Par Anne Bayle-Iniguez dans le quotidien du médecin 11/07/2018

Alors qu’Agnès Buzyn continue de pilonner les médecins intérimaires hospitaliers dans les médias, le Centre national de gestion (CNG) publie de nouveaux chiffres édifiants qui confirment la progression de la pénurie médicale dans les établissements publics…

Dans son rapport d’activité sur 2017, l’organisme de gestion des carrières médicales à l’hôpital recense exactement 49 846 praticiens hospitaliers (PH) en activité – dont 89 % à temps plein (44 305 PH) et 11 % à temps partiel (5 541 PH).
Au 1er janvier 2018, le taux de vacance statutaire des PH à temps plein atteint 27,4 %, un record depuis 2008. Ce pourcentage résulte d’une progression de 0,9 point entre 2017 et 2018, note le CNG.

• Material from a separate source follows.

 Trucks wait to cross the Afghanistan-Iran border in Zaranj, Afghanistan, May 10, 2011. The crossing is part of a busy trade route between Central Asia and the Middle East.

Plus d’un poste sur trois est vacant dans sept régions sur 13 : la Normandie (34,9 % en 2018, +1,5 point), le Centre-Val-de-Loire (33,7 % en 2018, +1,6 point), la Bourgogne-Franche-Comté (32,8 % en 2018, +1,8 point) et les DOM-COM (à l’exception de La Réunion), avec des taux allant de 38,7 % en Guadeloupe à 77,8 % à Saint-Pierre-et-Miquelon. Les régions Ile-de-France (22,5 %, + 0,4 point) et PACA (20,1 %, +1,2 point) s’en sortent le mieux.

Quatre grandes disciplines (regroupant plusieurs spécialités) s’enfoncent dans le rouge : la radiologie/imagerie médicale (39,8 % en 2018, +1,3 point), la psychiatrie (28,7 %, +1,2 point), la médecine (28,6 %, +1,2 point) et la chirurgie (27,2 %, +0,2 point).

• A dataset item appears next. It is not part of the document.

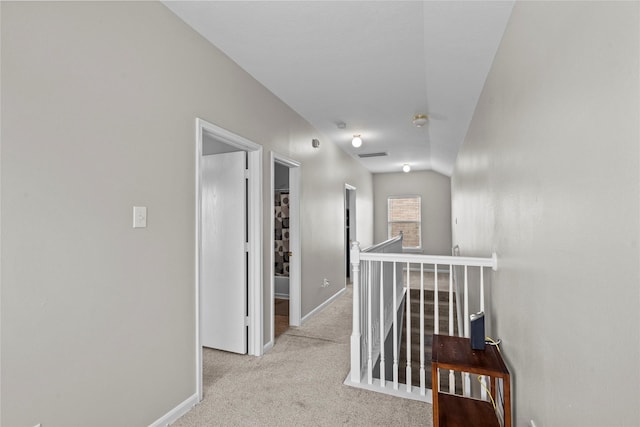 corridor with carpet floors, baseboards, visible vents, and an upstairs landing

Dans le détail, la radiologie (42,2 %), l’ophtalmologie (39,8 %), la médecine du travail (39,2 %), l’oncologie médicale (37,6 %) et l’anesthésie-réanimation (37,2 %) sont les spécialités les plus en souffrance sur les postes à temps plein.

Recours aux contractuels
Concernant les postes à temps partiel, la situation est pire encore : presque un poste sur deux (47 %) n’est pas pourvu (+0,9 point par rapport à 2017). Comme l’année précédente, la Normandie est la région en France métropolitaine qui souffre le plus de la pénurie médicale, avec 64,6 % postes à temps partiel vacants.
Là encore, l’imagerie, la psychiatrie, la médecine mais aussi la pharmacie ont du mal à recruter. Au niveau des spécialités, la santé publique, la réanimation médicale, l’oncologie médicale et la gériatrie sont les plus mal loties.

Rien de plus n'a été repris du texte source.